# how much should a puppy eat?



## seagypsy (Jan 8, 2011)

bodie is 4 and a half months, he eats fromms duck and sweetpotato. how many calories should he get. hes always hungrey lol. im giving him 3 cups a day, 1 and a half in the am and 1 and a half in pm.


----------



## FlyingQuizini (Oct 24, 2006)

"He's always hungry!" Welcome to the world of certain dogs! IMO, it's impossible to know the right calorie count until you've tried something for a while and watched how it effects the dogs. How is his weight now? If he looks good, I'd stick with what you're doing. If he drops weight, add more. As for the always hungry part, many dogs would eat themselves to death if given the chance so I have a hard time using that as an accurate indicator of what they *need* vs. what they want.


----------



## Frederic (Jan 31, 2011)

seagypsy said:


> bodie is 4 and a half months, he eats fromms duck and sweetpotato. how many calories should he get. hes always hungrey lol. im giving him 3 cups a day, 1 and a half in the am and 1 and a half in pm.


Hi,
I'm wondering the same for our 3 months pup. Would 3 cups be 600 grams roughly ? I live in Ireland we use grams .. or could you please tell me in US ounces how much is 3 cups I can convert. Thanks a lot. Hope your pup is doing well 
Hello from Ireland :wavey:
Frederic


----------



## maggiesmommy (Feb 23, 2010)

Maggie's vet told us "feed as much as she will eat in 20 minutes 3 times/day until she is 6 months old, then switch it to all she can eat in 20 min. 2 times/day...when she gets to be 1, it is 1 1/2 cups in the morning and 1 1/2 cups at night...adjust accordingly if she gains or loses weight"


----------



## CarolinaCasey (Jun 1, 2007)

We followed the Slow Grow Plan by Rhonda Hovan. You can google it.  It worked very well for Gibbs, he looks great and never was too chubby/rolly polly like many puppies do.


----------



## Mollie's_mom (Feb 1, 2011)

i did not see this post and actually just asked the same question for my 4 1/2 month old golden, Mollie. She also eats 3 cups a day in the same amount per meal. I did have her at 4 cups a day 2 in the morning and 2 at night but, she was getting a little chunky, this is also because it is very cold out and I don't have much time to get her out to exercise much other than when I just let her out to run in the yard for a couple minutes daily. 
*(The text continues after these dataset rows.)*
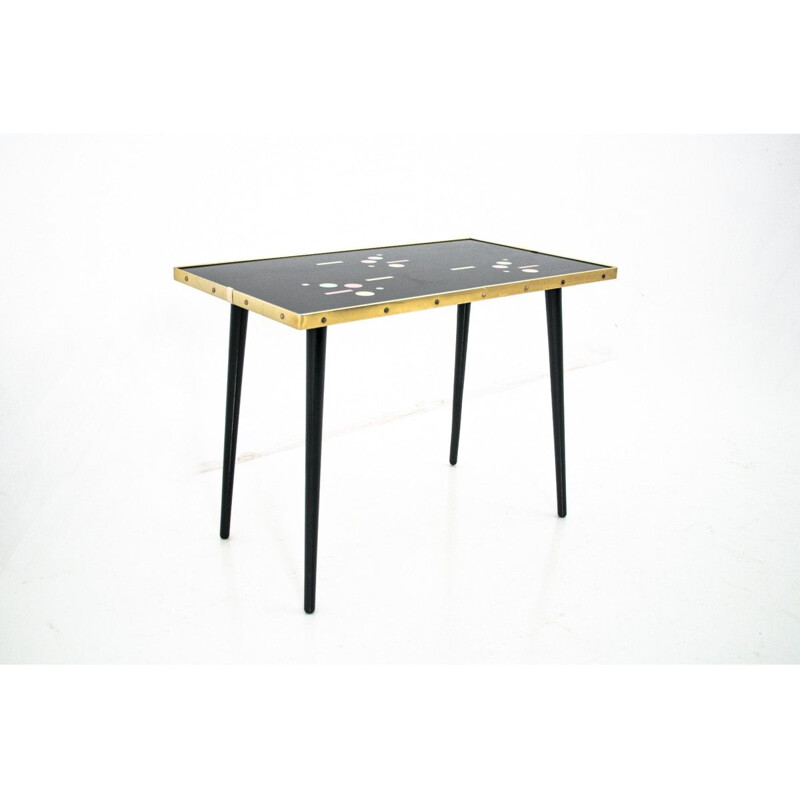 Vintage Bauhaus table Mihoma Germany 1969s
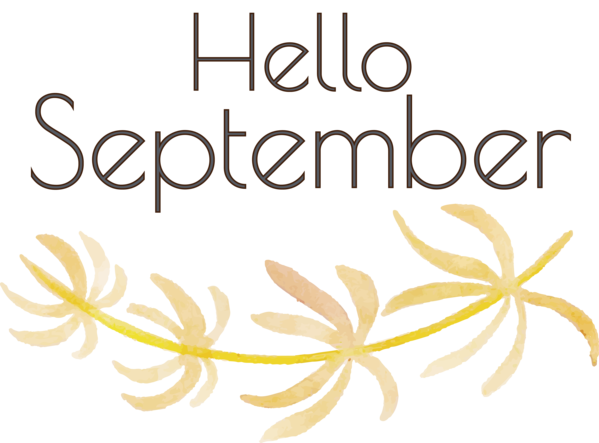 Transparent thanksgiving Flower Logo Petal for Hello September for Thanksgiving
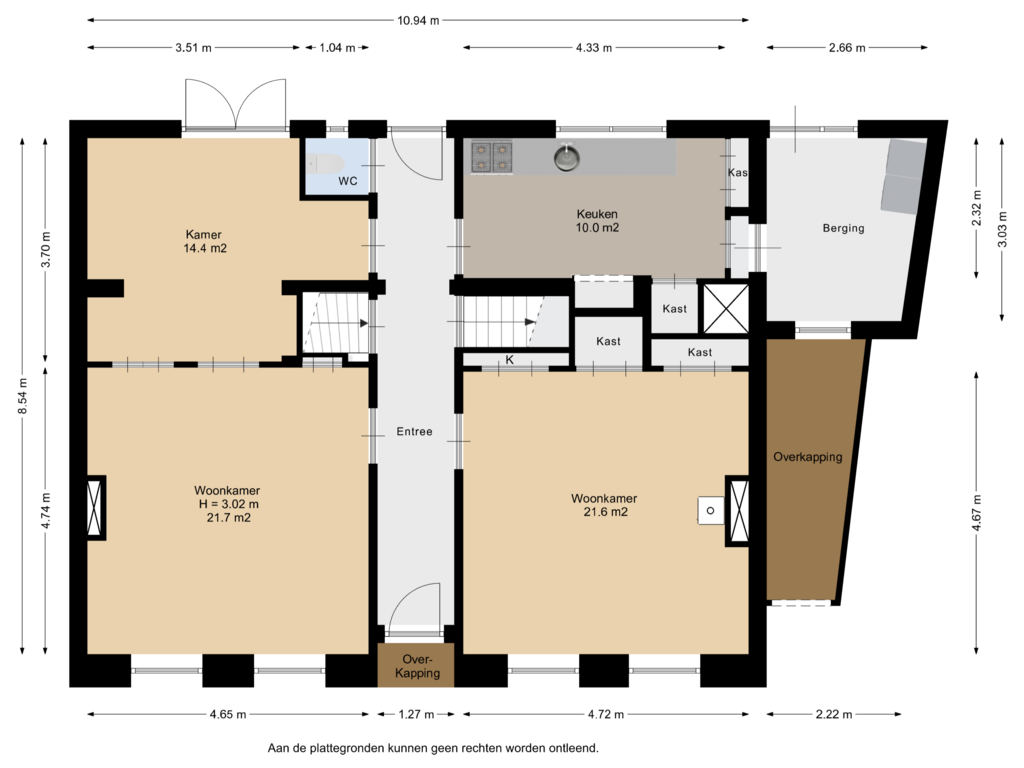 Bekijk plattegrond van Begane Grond van Wartenterp 19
But, with the three cups she seems to be thinning out very much. I do not know exactly what would be the good amount.

Also, on top of her food she gets treats daily also.


----------



## MittaBear (Mar 9, 2010)

We've had Chester on Fromm since he was about 10 weeks old. We fed him 3 cups a day for awhile and he did fine. I've recently upped him to 4 cups a day since it seems like he can put on a little more weight.


----------